It’s normal to feel unsure about this big step. Over 6,900 people, just like you, visit our website each month seeking guidance on secured loans.

We know it’s a big choice, but we’re here to help you understand all about mobile home equity loans. Let’s get started!

Can you release equity on a mobile home?

Most lenders don’t offer home equity loans against mobile homes. They are usually only on offer to conventional freehold and leasehold properties. 

Can I release equity on my park home?

Lenders rarely offer home equity loans on park homes, which are also a type of mobile home. However, there are alternative borrowing options if you have a mobile/park home and need credit. 

£

Lender

APRC

Monthly payment

Total amount repayable

United Trust Bank Ltd

5.99%

£218.73

£26,247.92

Equifinance

6.59%

£219.77

£26,372.92

Pepper Money

6.86%

£220.24

£26,429.17

Together

7.65%

£221.61

£26,593.75

Selina

7.79%

£221.86

£26,622.92

Spring

10.05%

£225.78

£27,093.75

Loan Logics

11.2%

£227.78

£27,333.33

Evolution

11.28%

£227.92

£27,350.00

Why don’t home equity lenders consider mobile homes?

Lenders don’t typically offer home equity loans on mobile and park homes because there is a greater risk that these property values will depreciate. 

Park homes generally make for great retirement or holiday homes, but the value of these properties are more likely to decrease than standard houses and flats. 

Alternatives to a mobile home equity loan

It might be really difficult to find a lender willing to offer you a mobile home equity loan, but there are other ways to source credit. You could:

  1. Consider unsecured lending

There might be personal loans and credit cards that can offer you the amount of credit you need. However, unsecured lending is usually used to access smaller amounts in contrast to home equity loans, so they might not be a good option for you. 

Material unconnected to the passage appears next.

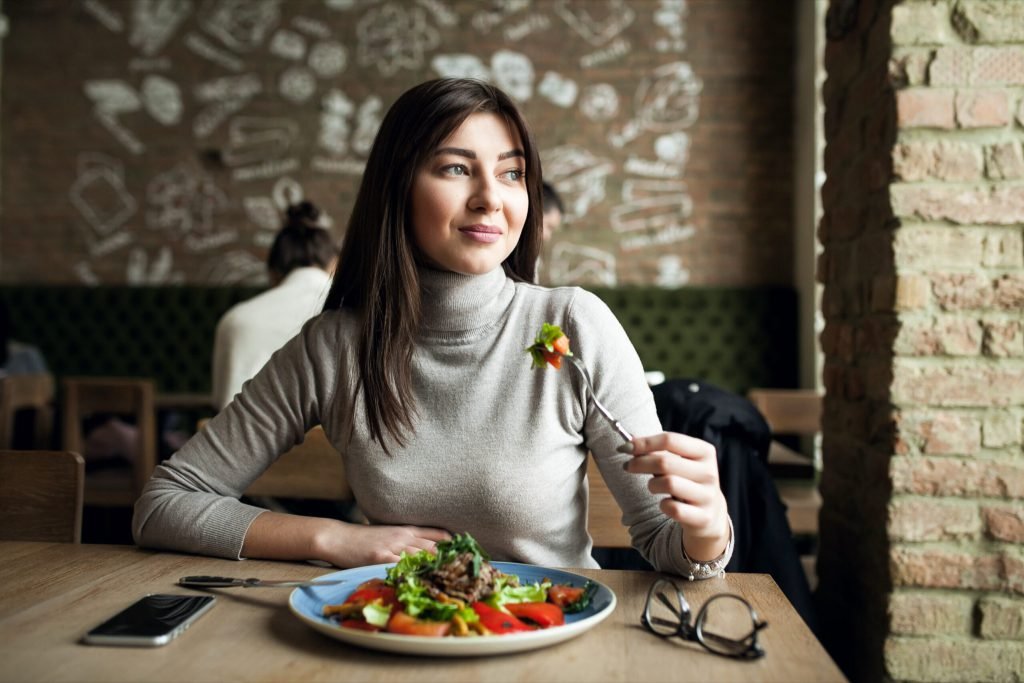 Girl salad lunch happy eating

  1. Consider other secured loans

Other types of secured lending might offer you larger amounts of credit, depending on what is being used as security. Most secured loans are secured by a property, but you can find them to be secured by other assets, typically vehicles. So there may be some options out there with secured lending. 

  1. Refinance your mortgage

If you were approved for a mortgage to buy your park home – which can be challenging in itself – you could refinance the existing mortgage to borrow more. 

This is when you remortgage and simultaneously extend your mortgage to receive a lump sum payment, which can then be used as needed. However, extending the mortgage will mean it’ll take longer to pay back. 

  1. Consider selling

If you need the money urgently for a reason not connected to the property, you might want to consider selling your mobile home to raise funds. This will only be a viable option if the mobile home is an investment property or holiday home, rather than your main residence. It may be worth considering for some people. 

  1. Consider debt solutions (if looking to consolidate debts)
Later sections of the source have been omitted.